Screenshot of the Twitter tweets collected
Notes:
- Some of the tweets do not have a location. This will be addressed in the next step.
-
Parse the Twitter stream data for only tweets with location (parse_twitter_stream.py)
- Parse the Twitter stream data for tweets with locations. The sentiment analysis is to group tweet sentiment by state.
- Search for key words such as "Texas" or "TX" and write the filtered Twitter stream data into another csv.
-
Sort the parsed Twitter data by state (sort_twitter_stream_data.py)
- Group the data by state and calculate average sentiment polarity.

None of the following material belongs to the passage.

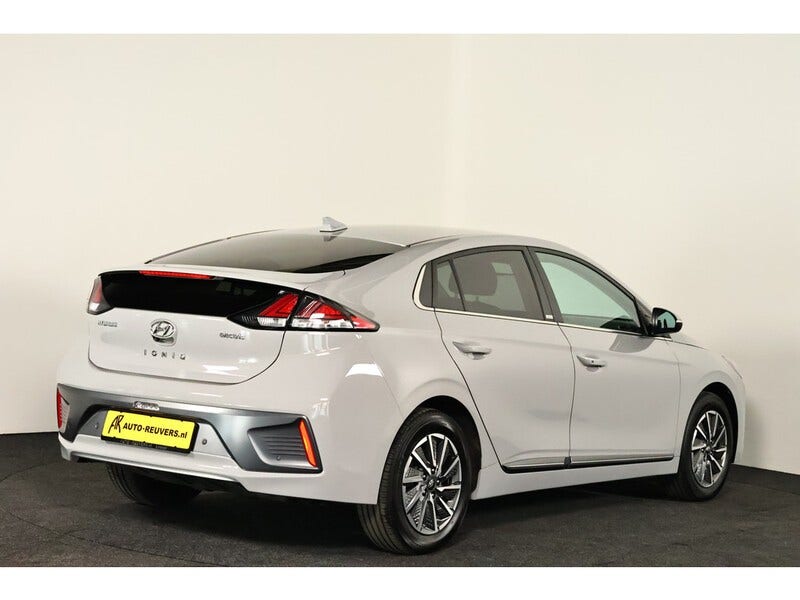 Hyundai IONIQ (5)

- Visualize result on Tableau.
-
Analysis
If you look at the midwest and southeast United States, you can see there is a slightly more negative sentiment compared to the other states.

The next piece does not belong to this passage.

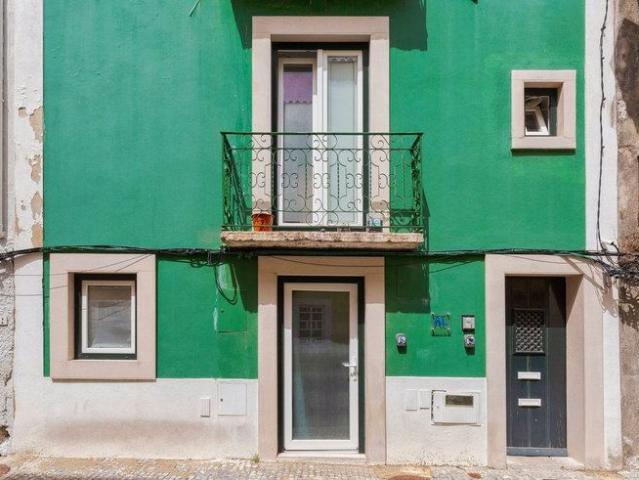 Rua de Fran Paxeco 188, RC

And if we look at the gun ownership rate per person, there is some correlation.
So the more negative sentiment a person is towards guns, the higher the gun ownership rate. It is an almost opposite type of result I was expecting.
-
Conclusion
Some things in the future to improve this data analysis project:
- Train with data is more gun related. Couldn't do this as I did not have the time to label 10,000+ Twitter tweets.
- Stream more tweets.
- Addressing a note I made in step 2, used Twitter stream data to test accuracy.
- Explore different machine learning algorithms.

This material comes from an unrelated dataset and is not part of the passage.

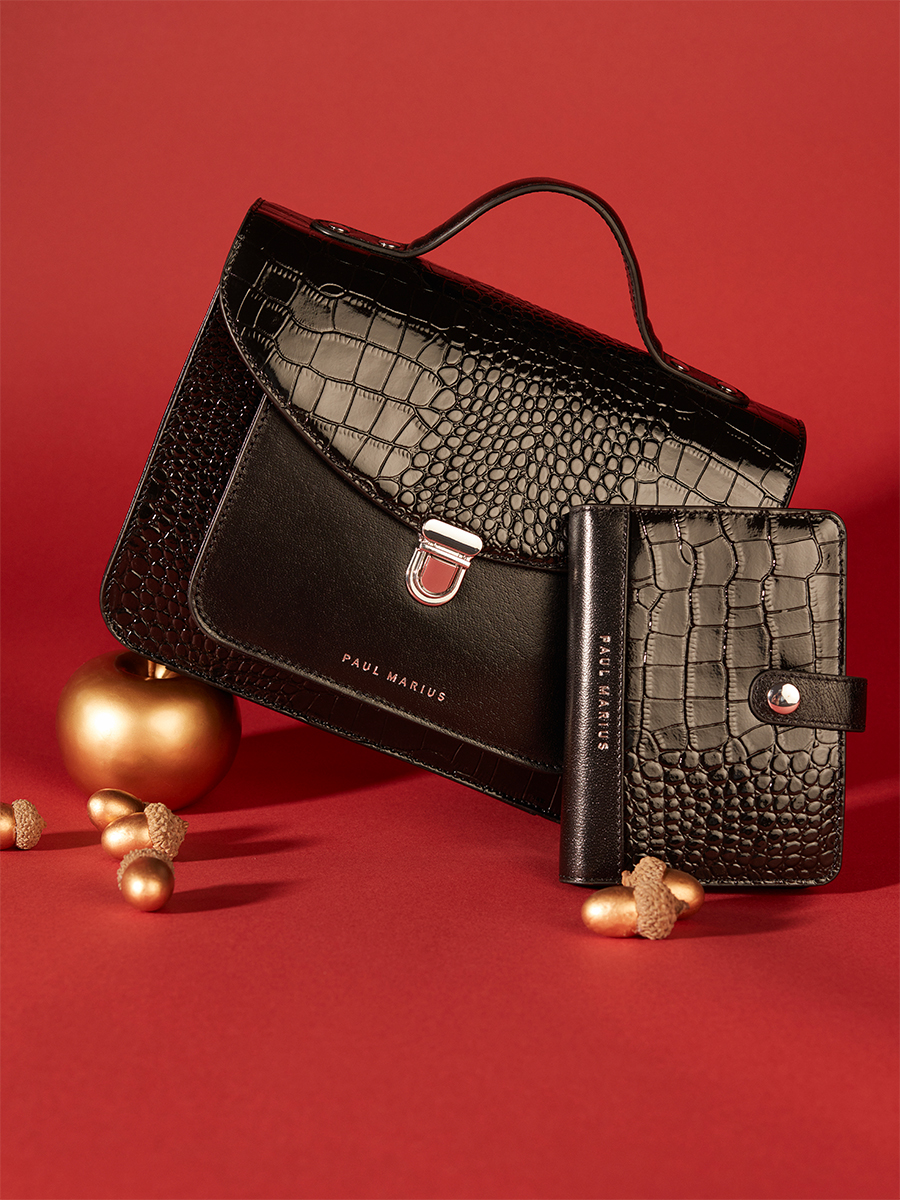 le-portefeuille-jeanne-croco-leather-woman-patent-black-ambient-view-m34-cr-ver-b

- Train with a larger dataset. Training with 10,000 Tweets already gave my Mac Air a hard time, so I would like a more computationally powerful computer.
- I only used the BNB and MNB classifiers to classify tweets as I could not figure out how to extract probability from the Linear SVC and Nu SVC classifiers.
- I used the keyword 'guns' when streaming the Twitter tweets, however, this does not necessarily mean the subject of the tweet will be guns. The phrase 'gun control' can also be included in the tweets, but it is only a small percentage of the overall gun related tweets.
- Twitter text is dirty and short. Perhaps a different approach?
Libraries
- Natural Language Toolkit (NLTK)
- Twitter API (Tweepy)
- Machine Learning (scikit-learn)
- CSV
- Twitter Sentiment Analysis Training Corpus by Ibrahim Naji (http://thinknook.com/twitter-sentiment-analysis-training-corpus-dataset-2012-09-22/)
- Gun Ownership Statistics (http://demographicdata.org/facts-and-figures/gun-ownership-statistics/ )
Datasets
- Twitter Sentiment Analysis Training Corpus by Ibrahim Naji (http://thinknook.com/twitter-sentiment-analysis-training-corpus-dataset-2012-09-22/)
- Twitter Gun related Datset from historical Twitter data (DiscoveryText/Sifter)
- The Twitter dataset by Ibrahim Naji that I used is removed as it is too big to upload to GitHub. However, there is a pickled dataset with the tweets I used.
- Cleaned up code and file directories. Unsure if program will function how it intends to.